What’s Feminist about Women and Queer Folks in the Israeli Army?

Originally posted on Feministing.com

By Gabi Kirk

Last summer, Israel’s bombing campaign of Gaza set records for a few reasons. It was the longest of the three campaigns since 2008. It was the bloodiest. And it saw the highest number of women serve in combat positions of any Israeli military action in history.

The Israel Defense Force (IDF), Israel’s military, loves to celebrate its female soldiers. Social media savvy, the IDF Spokespersons’ office frequently posts profiles of Israeli women serving as shooting instructors, mine units, and border patrols. Last month, the IDF celebrated another new milestone for women in the military: the first female combat soldier of the Home Front Command.

At first glance this tweet seems like a benign PR announcement from the Israeli government. Pay close attention to the location listed for this soldier. Nablus is in the West Bank, and in fact is a major Palestinian city in Area A — it is supposed to be under full Palestinian control. However, Israel controls nearly all of the land just outside of the city, and frequently sends troops into Palestinian cities even though on paper they have no jurisdiction there. When three Jewish boys from a West Bank settlement went missing last summer, the IDF raided houses, arrested hundreds in raids around Nablus, and killed nine Palestinian civilians. These actions were roundly criticized as collective punishment by international human rights groups.

The U.S military has looked to Israel for examples on how to increase the presence of women in the military. And it’s not just women — the IDF brags about acceptance of gay and lesbian soldierstrans soldiers, and even vegans. Scrolling through Twitter, I wouldn’t fault a casual reader who thought the IDF was a bastion of progressive values. And it’s not just what the army officially says. A pop culture has been created about women in the Israeli army, including young adult novels for Jewish teens about American girls who come of age by leaving home and joining the army (and accompanying strange yet hilarious promo videos).

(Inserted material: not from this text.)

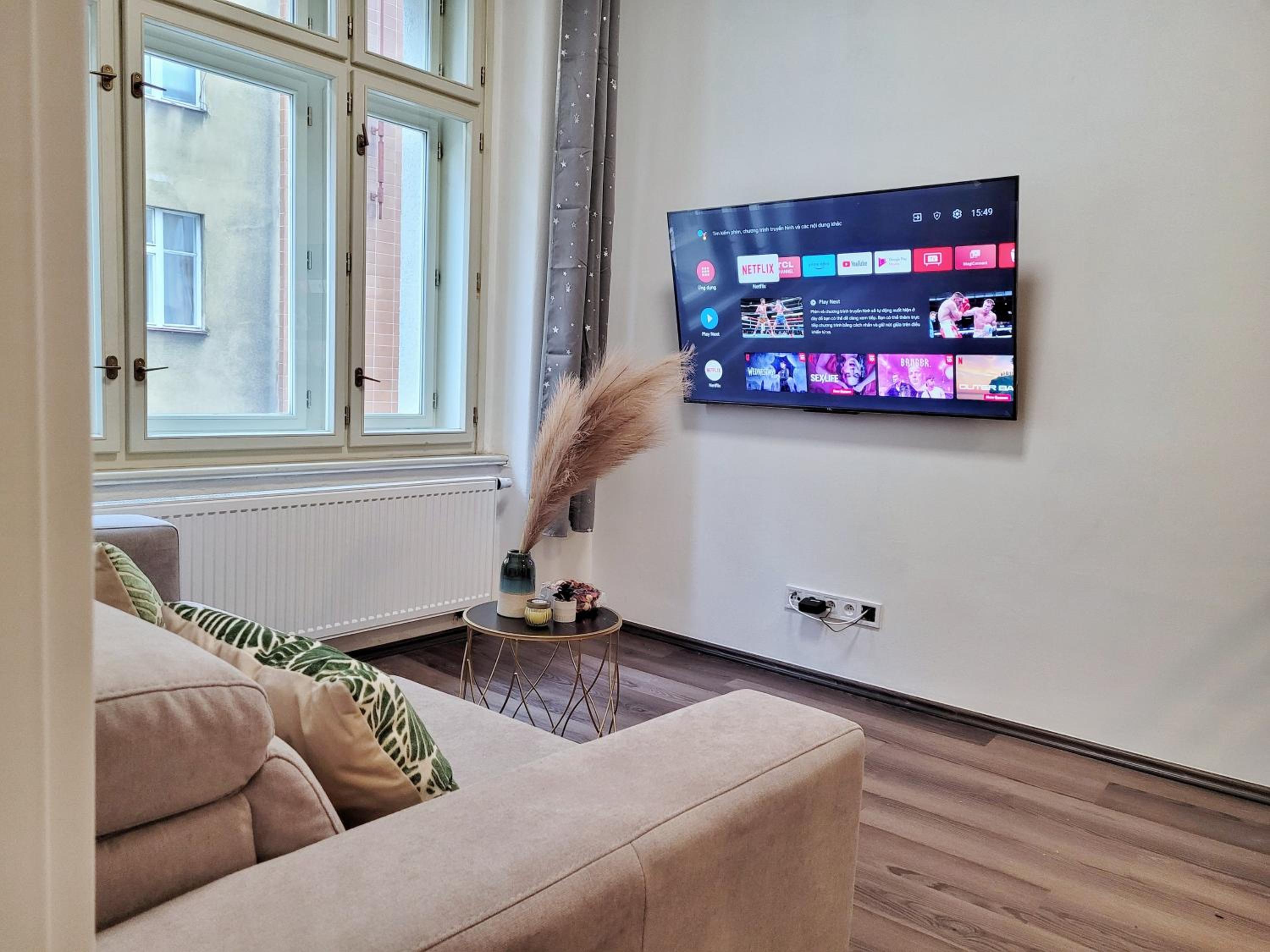 Modern apartment near Wenceslas Square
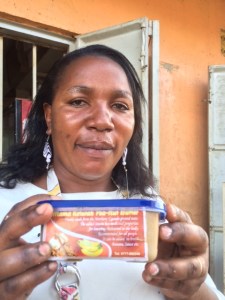 Mama Ketrah peanut butter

But representation politics is not enough. Feminists in the US, for instance, recognize that just because there are individual women who advocate against Planned Parenthood and against reproductive rights, does not make the anti-choice movement feminists. Similarly, simply counting the number of women or queer people in the army is not a cause for celebration, when that army is responsible for upholding decades of military occupation and brutality. Feminism that celebrates accepting women and queer folk into oppressive and violent systems is not just.

There is nothing progressive about the IDF, where soldiers of any sexuality violate human rights. They pull Palestinians from their homes in the middle of the night and hold them indefinitely without trial. There is nothing progressive about last summer’s bombing of Gaza, where Israel killed over 2,000 Gazans, over 50% of them civilians and over 500 children, plus thousands more wounded and disabled. And there is nothing just about the IDF’s actions: while Israel state media justifies everything in the name of security, in reality it is the entrenched military occupation and Israel’s de facto apartheid rule over the non-Jewish Palestinian population of the West Bank and Gaza which is the biggest threat to life and property. And with the recent horrible attack on the Jerusalem pride parade, deep rooted bigotry in Israeli society at large is rearing its head more than ever. Recent investigative videos show that, even casually walking down the street, gay men face homophobia.

Life is not safe under occupation and apartheid for Palestinians, whether they are women, LGBT, or even vegan. It’s an intense double standard to lift up diversity in the IDF while ignoring the horrible quality of life for Palestinians of every gender and sexuality under occupation. All the positive tweets in the world about women and gay soldiers won’t make up for that.